In the lineup of albums, Git doesn’t stand out as an experimental jump like Aksu’s other albums. 

As she continued to musically mature, Aksu started to produce more, both for herself and others — including Aşkın Nur Yengi and Sertab Erener, Turkish pop singers who started off working as background vocalists for Aksu. As Aksu crafted their successes, she branched out along a more experimental path in her own music, releasing perhaps her most sonically impressive album, Isik Dogudan Yukselir / Ex Oriente Lux in 1995, which dove even deeper into influences of Turkish folk music and made them larger with complete orchestrations.
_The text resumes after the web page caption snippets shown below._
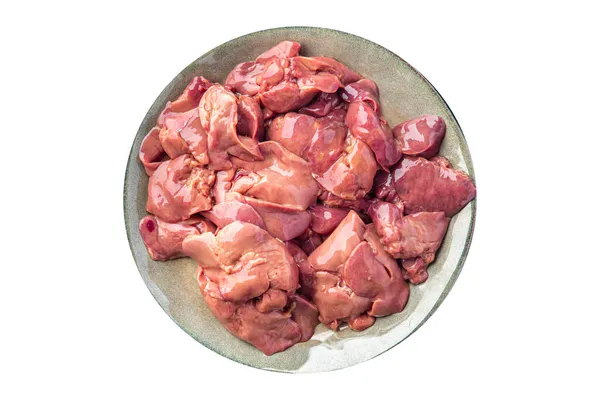 Tavuk Ciğeri Çiğ Sakatat Parçaları Atıştırmalık Yemek Arka Plandaki Uzay — Stok fotoğraf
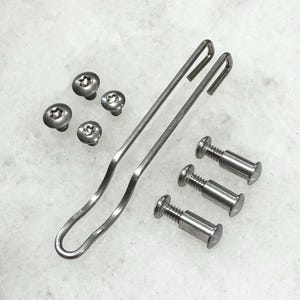 Può includere: Un set di ferramenta argentata per chitarra, tra cui un bottone per cinturino in metallo, quattro piccole viti e tre viti più grandi con dadi.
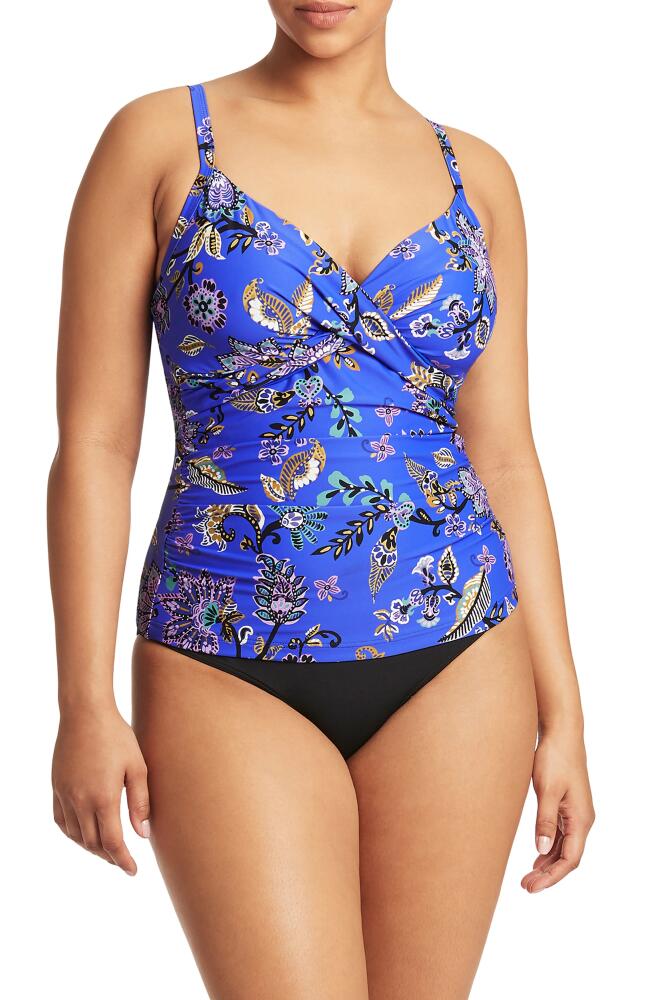 Sea Level DD- & E-Cup Paisley Twist Front Tankini Top in Cobalt Cover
Git, on the other hand, has the unmistakable crunchiness of an older pop album, especially of the Turkish and wider Mediterranean pop genre that emerged from the early ’90s to early 2000s. The instrumentals sound a bit off-kilter, maybe a little canned, but in a nostalgic way. The addition of artifice to traditional instruments like the oud creates a clash that’s made satisfying with Aksu’s signature vibrato and vocals that earned her the title “Little Sparrow.” The patterns Aksu made with her voice up and down Git remain imprinted in my memory, as familiar as the lines on my palms. On the album, Aksu created a mystical world far away from mine in the minivan. In this fantasy world, I imagined people danced all night to the addictive melody of “Deger Mi” and made tearful confessions against the backdrop of “Git”. 

To me, Aksu’s most impressive accolade is her existence as an icon in popular culture. No artist is just their music, and the same is true for Sezen Aksu. Her story, her lyrics, her unique vocal techniques, and her music all play a part in her role as Sezen Aksu, the “Queen of Turkish Pop.” Young pop poets everywhere can find an idol in Sezen Aksu and the world of pop she created.